Psikolojik yorumlar: Psikanalistler zorba kişilere karşı duyulan sempatiyi, hemen akla geliveren mazohizm’den farklı biçimde; bir başa çıkma (coping) mekanizması, bir çeşit transferans olarak yorumlamaktadırlar. Başka bir ifadeyle;”Güçlü saldırgan ile özdeşleşmeye veya boyun eğerek onun buyruğuna girmeye dayanan bir savunma mekanizması.” Burada birlikte veya ayrı ayrı işleyen üç mekanizma vardır: 1. Rehinelerin, kendilerini bu duruma düşüren otoritelere karşı negatif duyguları, 2. Rehinelerin saldırganlara karşı pozitif duyguları, 3. Sadırganların rehinelere karşı pozitif duyguları. Pragmatik açıdan bakıldığında, bir rehine eğer saldırgana uyumlu davranırsa ve kendini ona sevdirirse, onu kısmen de olsa kontrol edebileceğine, şantaj amacıyla kurban seçme durumu olursa kendisine ayrıcalıklı davranması ve zarar vermemesi için ondan yana görünmenin yararına inanabilir. Burada, yaşamı korumaya yönelik kurnazlık politikasının sınırının aşılması; empati kurulması, transferans yapılması, yarı-hipnotik durumlardan hayranlığa ve aşka kadar abartılması da mümkündür. Saldırganın küçük bir iyiliğine aşırı pozitif anlamlar atfedilmesi ve yüceltilmesi, bireyin olayı gerçekçi değerlendirmesini bozar. Saldırganın aslında iyi olduğu, eyleminde bazı erdemler bulunduğu gibi zihinsel çarpıtmaların esiri olabilir. Aslında bu sendromun fazla şişirildiği, gerçekçi değerlendirmelerde çok az kişinin böyle illüzyonlara girdiği anlaşılmaktadır. Resmi FBI kayıtlarına göre, kayda geçmiş 1200 olaydan %95′inde SS olgusuna rastlanmadığı belirtilmektedir.

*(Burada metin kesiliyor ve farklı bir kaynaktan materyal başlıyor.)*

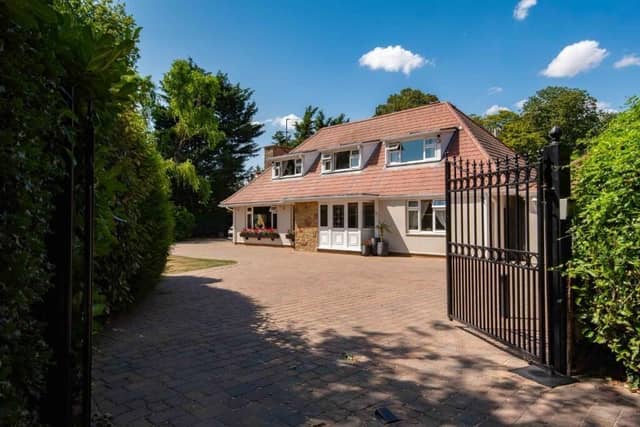 The front of the home and its gated access.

Havacılıkta Stockholm Sendromu: 24 Aralık 1999 günü Nepal’in Katmandu şehrinden kalkan Hindistan Havayollarına ait 814 sefer sayılı uçağı kaçıran Afgan gerillaları, bir dizi pazarlıktan sonra uçağı Afganistan’ın Kandahar şehrine indirdiler; 3 Taliban terör suçlusunun salıverilmesi ve 200 milyon dolar fidye karşılığı rehin yolcuları da bıraktılar. Bu korsanlık eylemi sırasında yolcularla iyi ilişkiler kurdular; şarkılar, şiirler, oyunlar yaş günü kutlamaları vs. yaptılar. Rehin çocuklar korsanlara “amca” diyorlardı. Ama korsanlar bu arada isteklerini kabul ettirmek için bir yolcunun da boğazını kesmişlerdi. 1985 yılında Beyrut’ta kaçırılan TWA 847 uçağında yolcular 2 hafta rehin kalmışlar ve güvenlik güçlerinin kendilerini kurtaracak bir operasyon yaparken öldürülmekten korkmuşlardı. Ama rehinelerin hiç birinde SS görülmediği bildirildi. Uçak kaçırma olaylarında saldırganla sempatik ilişki kurmanın “uçuş içi güvenlik kartı” gibi işlev gördüğü; ama bunun ters tepmesi ihtimalinin de olduğu; ona hak vermenin, onu eyleminde daha ısrarcı ve acımasız yapabileceği söylenmektedir.